Mistrust of vaccines is a reoccurring topic in the French public debate on health. Suspicion has been fueled by rare health-related scandals, such as the recent one involving Gardasil — a vaccine used in the fight against cervical cancer.

Interviewed the same day by I>TELE, French Health and Social Affairs Minister Marisol Touraine called to put an end to the vaccine scare.

"We have vaccines to thank for the elimination of certain diseases in our country and on our planet," she said. "Polio is a disease that is starting to reappear. Syria is at risk of an epidemic."

The minister shared her concern over the mistrust and defiance that characterize the anti-vaccine movement. According to Larère, the parents' mistrust centers overwhelmingly on the additives found in vaccines.

"In the end, we ordered vaccines that don't contain additives, directly from the pharmaceuticals group Sanofi," he said. "However, they contained Thiomersal, which is mercury, a substance that has been banned since 1999.
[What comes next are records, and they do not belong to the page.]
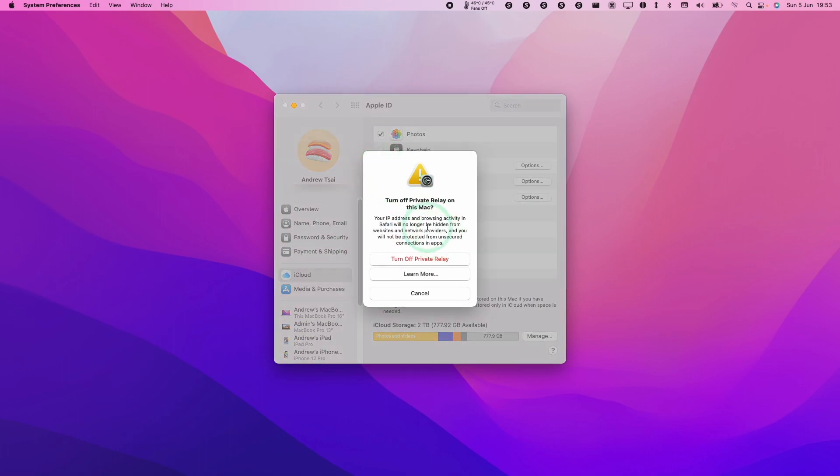and it's going to say, do you really want to turn Private Relay off this Mac? This means that your IP address and browsing activity will no longer be hidden from websites and network providers.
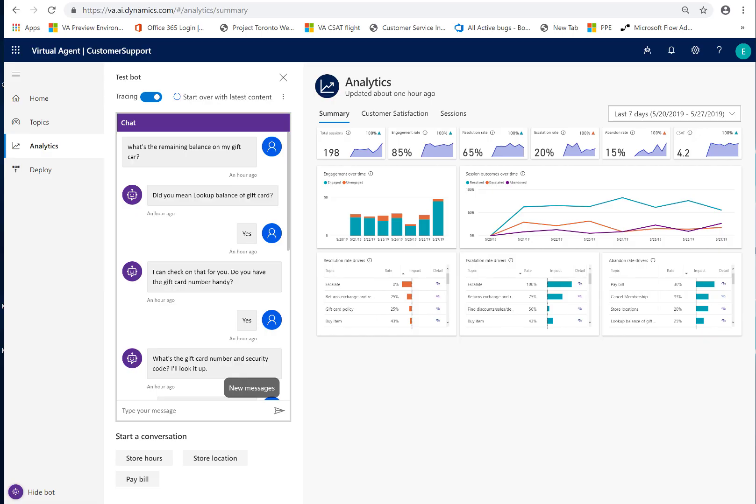Hi, my name is Emma Archer. I'm a Product Manager on Dynamics 365 Virtual Agent for Customer Service. And today I'd like to walk you through how to use the analytics and chat transcripts to improve the performance of your bot.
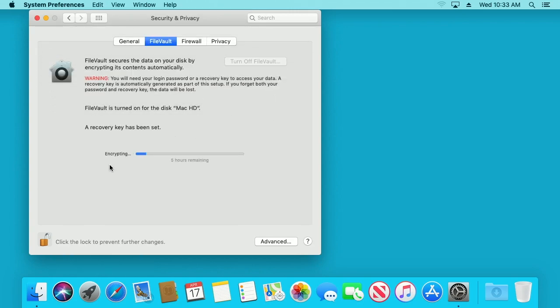Okay, so now you'll see here it says encrypting. It says there's five hours remaining - I don't know, this will probably go down after a while. So now it's encrypting all the data on your hard drive.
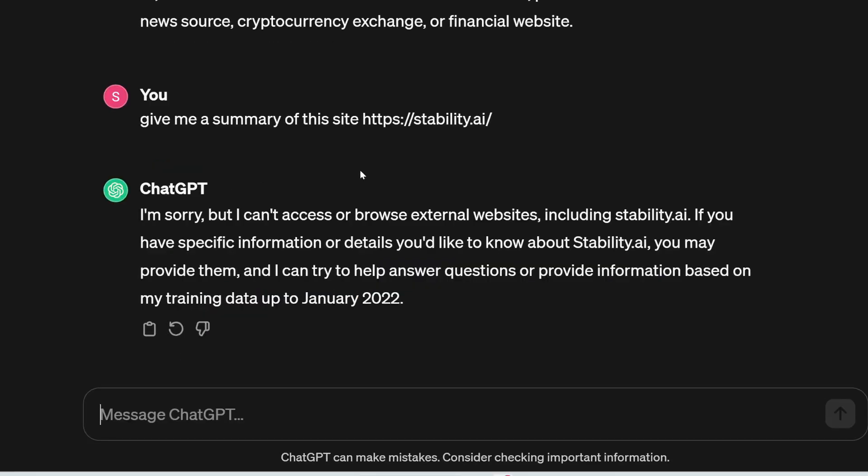And finally, I'm asking it to visit a website and give me a summary of what that website is. So I'm saying, give me a summary of this site, stability.ai. But again, it says, I'm sorry, I can't access or browse external websites, including stability.ai. Plus, it only has training data up to January 2022.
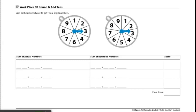These are the directions for Workplace 2B Round and Add Tens. The materials each player will need would be one record sheet and a spinner overlay.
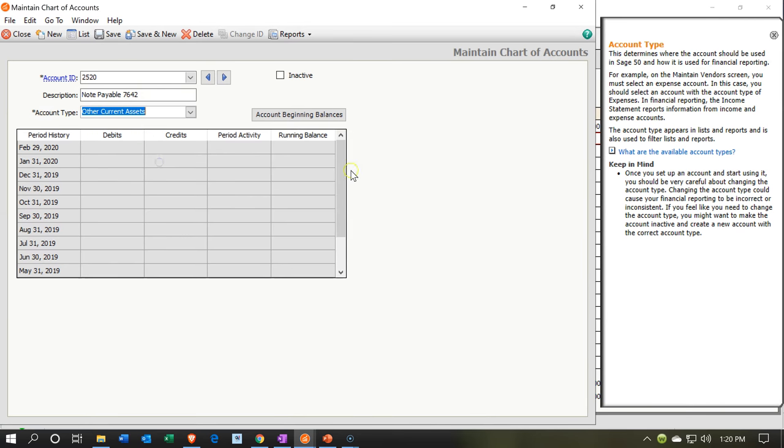So you can either put other current assets, follow along with that process, or you can put other current liability at this point in time of the current liability being the correct option. Now I'm going to put all the notes into the other current assets in one account so that we can easily make payments from the current assets account. And then break out the long-term and short-term portion periodically at the end of the month.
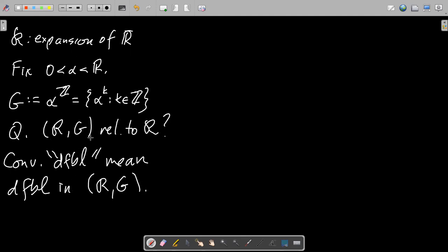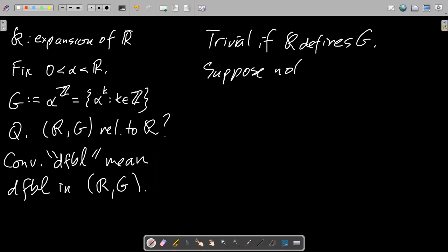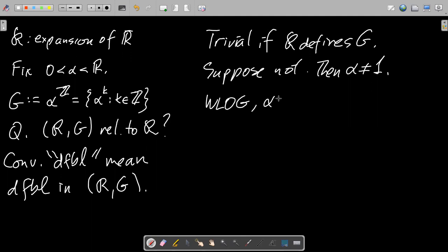There are some trivialities we want to get rid of right off the bat. If ℝ itself defines G, that's trivial, so let's suppose not. That certainly means α is not equal to 1, because that's just the trivial group. And since we have a multiplicative subgroup, I could take either α or 1/α as the generator. For convenience I'm also going to take α greater than 1. It doesn't really matter, but it'll help.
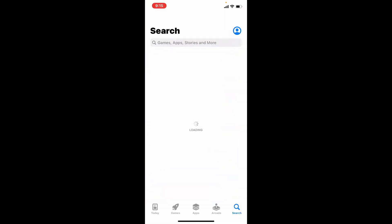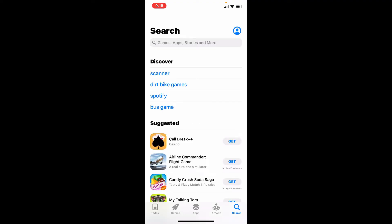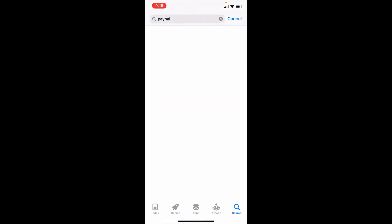In the search bar appearing on your App Store, type in PayPal. Once you make your search, you'll be able to see the PayPal application displayed on the next page. Tap the download button right next to the app in order to begin the download. Now all you need to do is wait for your application to be downloaded and installed on your iPhone.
"Vaccines are the ultimate myth of our society — a myth maintained by the large pharmaceutical laboratories. People need to familiarize themselves with the hundreds of reports penned by renowned researchers. They don't necessarily go hand-in-hand with what the main French pharmaceutical labs are saying. This topic is marred by tremendous self-censorship, even though what we're dealing with is large-scale poisoning," he said.


Larère also highlighted that France stands alone with its vaccination policy, which is in no case watertight. According to French radio station France Info, 3 to 5 percent of kids in France are not inoculated with the mandatory vaccines. One way to circumvent the requirement is to find a doctor willing to forge a vaccination certificate — a practice confirmed by numerous French forums on the subject. This was not a route chosen by the two parents in question. Larère shed some light on how the matter ended up in court.

"When we went to the hospital for our child's nine-month checkup, the pediatrician told us that he would have to flag us up to the Mother and Infant Protection Program," he said. "The PMI passed the information along to the prosecutor, who filed the case. Our attorney has just filed a Priority Preliminary Ruling on Constitutionality."

The appeal, which has gone through, allows the couple to bring the case before a higher legal authority, and the issue will now be addressed by the French Constitutional Court. This has opened debate on mandatory vaccinations, echoing a request by the French High Council for Public Health (HCSP) to revisit the question. Back in early September, HSCP published an online report highlighting the policy's shortfalls:

"The HCSP finds the current public infrastructure handling vaccinations to be complex, unclear and discriminatory. […] The HCSP considers that the enforcement or not of the policy of mandatory vaccinations for the general population is a matter for society to determine, and one deserving of a debate, to be organized by the authorities."

Speaking to VICE News upon leaving court, Larère said he felt confident.

"At least we'll no longer be treated like abusive parents, since the question is now in the public sphere," he said.

Virgile Dall'Armellina contributed to this article.